Wednesday, September 03, 2008
Estaba claro: Laura le chupaba la sangre a Dami. Ella era hermosa pero lo que más llamaba la atención era la paz que transmitía. Tal vez por eso nuestras sospechas. Era una paz que ningún ser humano podía tener, ningún ser vivo. Todos nos conocíamos de la escuela, hacía quince años que nos reíamos de los mismos chistes y contábamos las mismas anécdotas, pero fue Juan, recién vuelto de Barcelona, quien primero dijo: “Che, Dami está hecho mierda.” Sí, los demás nos dábamos cuenta de las sombras debajo de los ojos, el paso cansado, la espalda que de a poco iba venciéndose pero día a día el cambio era tan imperceptible que a nadie se le habría ocurrido decir “está hecho mierda”. Yo, que lo conocía desde pibe, que tantos veranos había pasado con él y con Irma y Roberto, sus padres, no podía entender que de aquellas dos personas surgiera el Dami que veíamos en esos días. Padres e hijo hacía tiempo que estaban peleados, sólo se veían cuando no podían evitarlo. Es más, yo los veía más seguido que Dami y les contaba las últimas noticias. Parecían polos opuestos, como si a propósito la pareja, o tal vez su hijo, se esforzaran en diferenciarse del otro. Ellos caminaban erguidos, con los cuerpos formados por el ejercicio del tenis y el cuidado en la dieta, la cara luminosa que permite la vida holgada de dos psicólogos.

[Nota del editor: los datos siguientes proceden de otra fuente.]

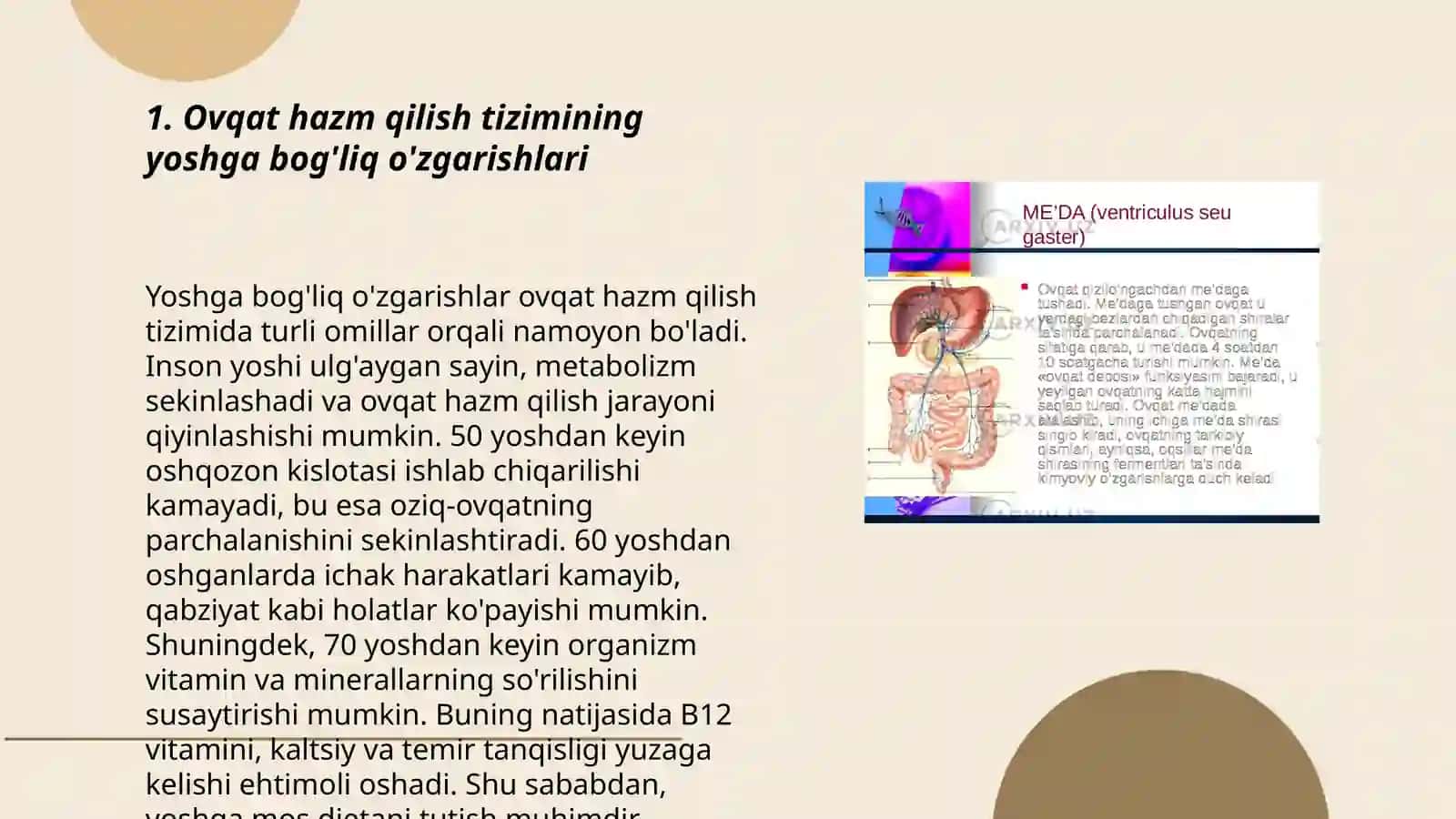 Ovqat hazm qilish tizimi 3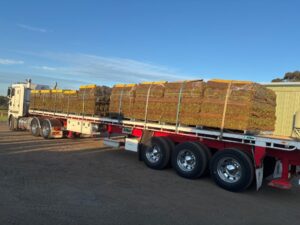 Harvested turf ready to be delivered to Lawn Solutions Australia members for planting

Mientras Laura seguía caminando por el mundo como si no necesitara tocarlo, Dami se encorvaba como si quisisera a comerse a sí mismo. En el bar donde nos juntábamos surgió nuestra teoría: ella era la mujer vampiro. Con las semanas de cervezas la teoría mejoró: la mujer mosquito. No sé quién fue el primero que comenzó a nombrarla simplemente “mosquito” y más tarde “bzzz bzzz”. Un día Dami me invitó a cenar a su casa. También irían Irma y Roberto. Me alegro de que se hayan reconciliado, dije. Yo también. Hablamos y ahora estamos mucho mejor con mis viejos, me explicó. Llegué cerca de las diez. Dami abrió la puerta. Me sorprendió con una sonrisa y unos ojos claros que me obligaban a mirar hacia arriba. Tanto tiempo de verlo encorvado me había hecho olvidar que en realidad era más alto que yo. Me guió hasta el comedor y noté en sus pasos la misma liviandad que marcaba, o borraba, los de Laura. Se libró de ella, pensé. Por fin se separó. Me alegré por mi amigo. La mesa estaba servida, en el centro una olla de bronce con una burbujeante fondue de queso. Te jugaste, dije. No conocía tus habilidades culinarias. No fui yo, lo preparó Laura. En ese momento su mujer entraba al comedor. Quise verla con la espalda vencida y los pasos dudosos pero ella estaba como siempre. Bzzz bzzz. ¿Cómo?, preguntó Dami. Qué estúpidos, me dije. Nada, que me encanta la fondue de queso. Los miré: eran hermosos. Miré los cuadros y las fotos que colgaban de las paredes y por un segundo me imaginé un cuarto oscuro con los retratos de ellos dos cubiertos por pesadas mantas violetas. Te ves bien, dije a mi amigo. Sí, me siento bien. En ese momento sonó el timbre. Laura fue a abrir la puerta. De cada brazo, como si los sostuviera, guiaba a Irma y a Roberto que caminaban encorvados.